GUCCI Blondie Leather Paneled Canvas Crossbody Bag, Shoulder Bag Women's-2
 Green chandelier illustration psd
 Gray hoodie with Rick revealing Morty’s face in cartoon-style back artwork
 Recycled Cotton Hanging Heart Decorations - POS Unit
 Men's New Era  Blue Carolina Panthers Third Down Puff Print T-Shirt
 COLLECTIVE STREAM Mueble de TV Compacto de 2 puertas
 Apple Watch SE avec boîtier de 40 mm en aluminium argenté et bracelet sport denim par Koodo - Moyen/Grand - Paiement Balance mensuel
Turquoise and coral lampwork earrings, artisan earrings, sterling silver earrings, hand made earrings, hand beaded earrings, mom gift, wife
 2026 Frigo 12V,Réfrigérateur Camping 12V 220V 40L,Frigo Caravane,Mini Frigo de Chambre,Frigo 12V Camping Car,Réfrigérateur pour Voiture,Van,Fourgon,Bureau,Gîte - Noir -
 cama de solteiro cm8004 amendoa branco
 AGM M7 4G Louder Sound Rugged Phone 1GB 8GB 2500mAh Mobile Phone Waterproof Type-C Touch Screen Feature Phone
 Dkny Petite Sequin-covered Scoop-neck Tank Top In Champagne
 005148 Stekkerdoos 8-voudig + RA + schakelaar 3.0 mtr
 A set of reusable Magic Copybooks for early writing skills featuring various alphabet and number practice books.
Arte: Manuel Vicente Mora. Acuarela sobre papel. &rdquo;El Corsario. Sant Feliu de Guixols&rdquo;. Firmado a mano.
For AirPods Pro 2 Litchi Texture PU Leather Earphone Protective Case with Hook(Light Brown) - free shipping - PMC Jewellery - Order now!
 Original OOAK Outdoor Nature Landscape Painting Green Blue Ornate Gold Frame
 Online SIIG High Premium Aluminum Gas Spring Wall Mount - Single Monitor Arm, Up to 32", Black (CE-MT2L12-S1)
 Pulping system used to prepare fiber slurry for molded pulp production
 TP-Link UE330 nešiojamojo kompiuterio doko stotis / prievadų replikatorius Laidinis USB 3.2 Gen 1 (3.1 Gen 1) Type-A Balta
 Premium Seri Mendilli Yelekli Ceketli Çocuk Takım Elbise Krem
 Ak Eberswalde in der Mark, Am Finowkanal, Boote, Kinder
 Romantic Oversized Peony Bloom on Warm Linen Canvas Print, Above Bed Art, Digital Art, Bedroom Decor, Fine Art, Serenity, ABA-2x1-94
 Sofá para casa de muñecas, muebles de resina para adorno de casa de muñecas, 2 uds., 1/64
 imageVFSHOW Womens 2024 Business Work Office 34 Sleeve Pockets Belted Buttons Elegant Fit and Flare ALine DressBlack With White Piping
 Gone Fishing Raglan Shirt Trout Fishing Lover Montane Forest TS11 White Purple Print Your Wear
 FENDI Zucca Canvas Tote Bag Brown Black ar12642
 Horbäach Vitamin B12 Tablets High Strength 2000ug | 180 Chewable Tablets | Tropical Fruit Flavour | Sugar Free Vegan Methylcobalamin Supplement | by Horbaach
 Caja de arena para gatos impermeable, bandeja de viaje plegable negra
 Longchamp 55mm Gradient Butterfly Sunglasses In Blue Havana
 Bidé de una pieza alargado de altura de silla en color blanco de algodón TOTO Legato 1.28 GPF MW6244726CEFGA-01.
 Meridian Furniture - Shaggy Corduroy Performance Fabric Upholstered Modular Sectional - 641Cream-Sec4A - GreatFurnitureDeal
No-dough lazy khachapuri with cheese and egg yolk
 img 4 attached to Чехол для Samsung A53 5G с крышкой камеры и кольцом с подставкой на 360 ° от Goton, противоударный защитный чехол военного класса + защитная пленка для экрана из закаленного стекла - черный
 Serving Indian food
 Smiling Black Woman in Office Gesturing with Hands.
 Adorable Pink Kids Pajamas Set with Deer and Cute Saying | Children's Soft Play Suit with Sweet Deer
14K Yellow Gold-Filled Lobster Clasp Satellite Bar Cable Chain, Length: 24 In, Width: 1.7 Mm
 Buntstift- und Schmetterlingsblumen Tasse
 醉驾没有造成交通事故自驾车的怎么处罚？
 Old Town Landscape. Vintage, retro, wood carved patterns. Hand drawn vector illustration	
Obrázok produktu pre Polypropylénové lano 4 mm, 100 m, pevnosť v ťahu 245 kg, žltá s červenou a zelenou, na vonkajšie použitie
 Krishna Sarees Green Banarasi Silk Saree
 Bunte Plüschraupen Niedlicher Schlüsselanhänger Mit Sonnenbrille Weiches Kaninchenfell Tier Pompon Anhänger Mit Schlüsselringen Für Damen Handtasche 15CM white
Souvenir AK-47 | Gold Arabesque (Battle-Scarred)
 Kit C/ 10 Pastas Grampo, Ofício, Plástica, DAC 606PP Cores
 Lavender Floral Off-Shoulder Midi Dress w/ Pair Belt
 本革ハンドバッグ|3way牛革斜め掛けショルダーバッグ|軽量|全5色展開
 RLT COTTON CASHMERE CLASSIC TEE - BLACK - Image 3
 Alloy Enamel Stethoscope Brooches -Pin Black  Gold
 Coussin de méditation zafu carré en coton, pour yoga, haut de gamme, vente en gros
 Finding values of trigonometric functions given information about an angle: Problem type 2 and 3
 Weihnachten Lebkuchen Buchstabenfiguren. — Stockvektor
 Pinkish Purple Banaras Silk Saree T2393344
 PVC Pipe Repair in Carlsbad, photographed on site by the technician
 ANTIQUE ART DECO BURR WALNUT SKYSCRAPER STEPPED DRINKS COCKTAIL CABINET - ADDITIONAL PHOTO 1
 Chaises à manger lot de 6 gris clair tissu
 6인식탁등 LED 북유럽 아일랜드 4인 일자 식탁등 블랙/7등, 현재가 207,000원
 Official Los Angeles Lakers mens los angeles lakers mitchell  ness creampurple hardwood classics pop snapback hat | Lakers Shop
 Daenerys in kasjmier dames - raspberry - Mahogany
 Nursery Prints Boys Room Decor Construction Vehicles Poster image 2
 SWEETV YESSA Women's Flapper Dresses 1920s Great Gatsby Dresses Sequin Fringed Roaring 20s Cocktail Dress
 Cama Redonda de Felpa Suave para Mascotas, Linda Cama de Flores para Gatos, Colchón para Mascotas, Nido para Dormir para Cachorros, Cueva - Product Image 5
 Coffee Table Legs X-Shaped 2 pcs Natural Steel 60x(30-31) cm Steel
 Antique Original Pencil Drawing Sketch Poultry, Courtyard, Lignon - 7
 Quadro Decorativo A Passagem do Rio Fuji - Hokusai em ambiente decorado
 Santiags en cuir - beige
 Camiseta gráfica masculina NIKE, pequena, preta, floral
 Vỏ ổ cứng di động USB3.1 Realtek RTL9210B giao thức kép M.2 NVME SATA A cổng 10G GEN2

• ASSIGNED TASK:
Retype every line of the data, keeping each one exactly as it is.

• OUTPUT OF THE EXERCISE:
GUCCI Blondie Leather Paneled Canvas Crossbody Bag, Shoulder Bag Women's-2
 Green chandelier illustration psd
 Gray hoodie with Rick revealing Morty’s face in cartoon-style back artwork
 Recycled Cotton Hanging Heart Decorations - POS Unit
 Men's New Era  Blue Carolina Panthers Third Down Puff Print T-Shirt
 COLLECTIVE STREAM Mueble de TV Compacto de 2 puertas
 Apple Watch SE avec boîtier de 40 mm en aluminium argenté et bracelet sport denim par Koodo - Moyen/Grand - Paiement Balance mensuel
Turquoise and coral lampwork earrings, artisan earrings, sterling silver earrings, hand made earrings, hand beaded earrings, mom gift, wife
 2026 Frigo 12V,Réfrigérateur Camping 12V 220V 40L,Frigo Caravane,Mini Frigo de Chambre,Frigo 12V Camping Car,Réfrigérateur pour Voiture,Van,Fourgon,Bureau,Gîte - Noir -
 cama de solteiro cm8004 amendoa branco
 AGM M7 4G Louder Sound Rugged Phone 1GB 8GB 2500mAh Mobile Phone Waterproof Type-C Touch Screen Feature Phone
 Dkny Petite Sequin-covered Scoop-neck Tank Top In Champagne
 005148 Stekkerdoos 8-voudig + RA + schakelaar 3.0 mtr
 A set of reusable Magic Copybooks for early writing skills featuring various alphabet and number practice books.
Arte: Manuel Vicente Mora. Acuarela sobre papel. &rdquo;El Corsario. Sant Feliu de Guixols&rdquo;. Firmado a mano.
For AirPods Pro 2 Litchi Texture PU Leather Earphone Protective Case with Hook(Light Brown) - free shipping - PMC Jewellery - Order now!
 Original OOAK Outdoor Nature Landscape Painting Green Blue Ornate Gold Frame
 Online SIIG High Premium Aluminum Gas Spring Wall Mount - Single Monitor Arm, Up to 32", Black (CE-MT2L12-S1)
 Pulping system used to prepare fiber slurry for molded pulp production
 TP-Link UE330 nešiojamojo kompiuterio doko stotis / prievadų replikatorius Laidinis USB 3.2 Gen 1 (3.1 Gen 1) Type-A Balta
 Premium Seri Mendilli Yelekli Ceketli Çocuk Takım Elbise Krem
 Ak Eberswalde in der Mark, Am Finowkanal, Boote, Kinder
 Romantic Oversized Peony Bloom on Warm Linen Canvas Print, Above Bed Art, Digital Art, Bedroom Decor, Fine Art, Serenity, ABA-2x1-94
 Sofá para casa de muñecas, muebles de resina para adorno de casa de muñecas, 2 uds., 1/64
 imageVFSHOW Womens 2024 Business Work Office 34 Sleeve Pockets Belted Buttons Elegant Fit and Flare ALine DressBlack With White Piping
 Gone Fishing Raglan Shirt Trout Fishing Lover Montane Forest TS11 White Purple Print Your Wear
 FENDI Zucca Canvas Tote Bag Brown Black ar12642
 Horbäach Vitamin B12 Tablets High Strength 2000ug | 180 Chewable Tablets | Tropical Fruit Flavour | Sugar Free Vegan Methylcobalamin Supplement | by Horbaach
 Caja de arena para gatos impermeable, bandeja de viaje plegable negra
 Longchamp 55mm Gradient Butterfly Sunglasses In Blue Havana
 Bidé de una pieza alargado de altura de silla en color blanco de algodón TOTO Legato 1.28 GPF MW6244726CEFGA-01.
 Meridian Furniture - Shaggy Corduroy Performance Fabric Upholstered Modular Sectional - 641Cream-Sec4A - GreatFurnitureDeal
No-dough lazy khachapuri with cheese and egg yolk
 img 4 attached to Чехол для Samsung A53 5G с крышкой камеры и кольцом с подставкой на 360 ° от Goton, противоударный защитный чехол военного класса + защитная пленка для экрана из закаленного стекла - черный
 Serving Indian food
 Smiling Black Woman in Office Gesturing with Hands.
 Adorable Pink Kids Pajamas Set with Deer and Cute Saying | Children's Soft Play Suit with Sweet Deer
14K Yellow Gold-Filled Lobster Clasp Satellite Bar Cable Chain, Length: 24 In, Width: 1.7 Mm
 Buntstift- und Schmetterlingsblumen Tasse
 醉驾没有造成交通事故自驾车的怎么处罚？
 Old Town Landscape. Vintage, retro, wood carved patterns. Hand drawn vector illustration	
Obrázok produktu pre Polypropylénové lano 4 mm, 100 m, pevnosť v ťahu 245 kg, žltá s červenou a zelenou, na vonkajšie použitie
 Krishna Sarees Green Banarasi Silk Saree
 Bunte Plüschraupen Niedlicher Schlüsselanhänger Mit Sonnenbrille Weiches Kaninchenfell Tier Pompon Anhänger Mit Schlüsselringen Für Damen Handtasche 15CM white
Souvenir AK-47 | Gold Arabesque (Battle-Scarred)
 Kit C/ 10 Pastas Grampo, Ofício, Plástica, DAC 606PP Cores
 Lavender Floral Off-Shoulder Midi Dress w/ Pair Belt
 本革ハンドバッグ|3way牛革斜め掛けショルダーバッグ|軽量|全5色展開
 RLT COTTON CASHMERE CLASSIC TEE - BLACK - Image 3
 Alloy Enamel Stethoscope Brooches -Pin Black  Gold
 Coussin de méditation zafu carré en coton, pour yoga, haut de gamme, vente en gros
 Finding values of trigonometric functions given information about an angle: Problem type 2 and 3
 Weihnachten Lebkuchen Buchstabenfiguren. — Stockvektor
 Pinkish Purple Banaras Silk Saree T2393344
 PVC Pipe Repair in Carlsbad, photographed on site by the technician
 ANTIQUE ART DECO BURR WALNUT SKYSCRAPER STEPPED DRINKS COCKTAIL CABINET - ADDITIONAL PHOTO 1
 Chaises à manger lot de 6 gris clair tissu
 6인식탁등 LED 북유럽 아일랜드 4인 일자 식탁등 블랙/7등, 현재가 207,000원
 Official Los Angeles Lakers mens los angeles lakers mitchell  ness creampurple hardwood classics pop snapback hat | Lakers Shop
 Daenerys in kasjmier dames - raspberry - Mahogany
 Nursery Prints Boys Room Decor Construction Vehicles Poster image 2
 SWEETV YESSA Women's Flapper Dresses 1920s Great Gatsby Dresses Sequin Fringed Roaring 20s Cocktail Dress
 Cama Redonda de Felpa Suave para Mascotas, Linda Cama de Flores para Gatos, Colchón para Mascotas, Nido para Dormir para Cachorros, Cueva - Product Image 5
 Coffee Table Legs X-Shaped 2 pcs Natural Steel 60x(30-31) cm Steel
 Antique Original Pencil Drawing Sketch Poultry, Courtyard, Lignon - 7
 Quadro Decorativo A Passagem do Rio Fuji - Hokusai em ambiente decorado
 Santiags en cuir - beige
 Camiseta gráfica masculina NIKE, pequena, preta, floral
 Vỏ ổ cứng di động USB3.1 Realtek RTL9210B giao thức kép M.2 NVME SATA A cổng 10G GEN2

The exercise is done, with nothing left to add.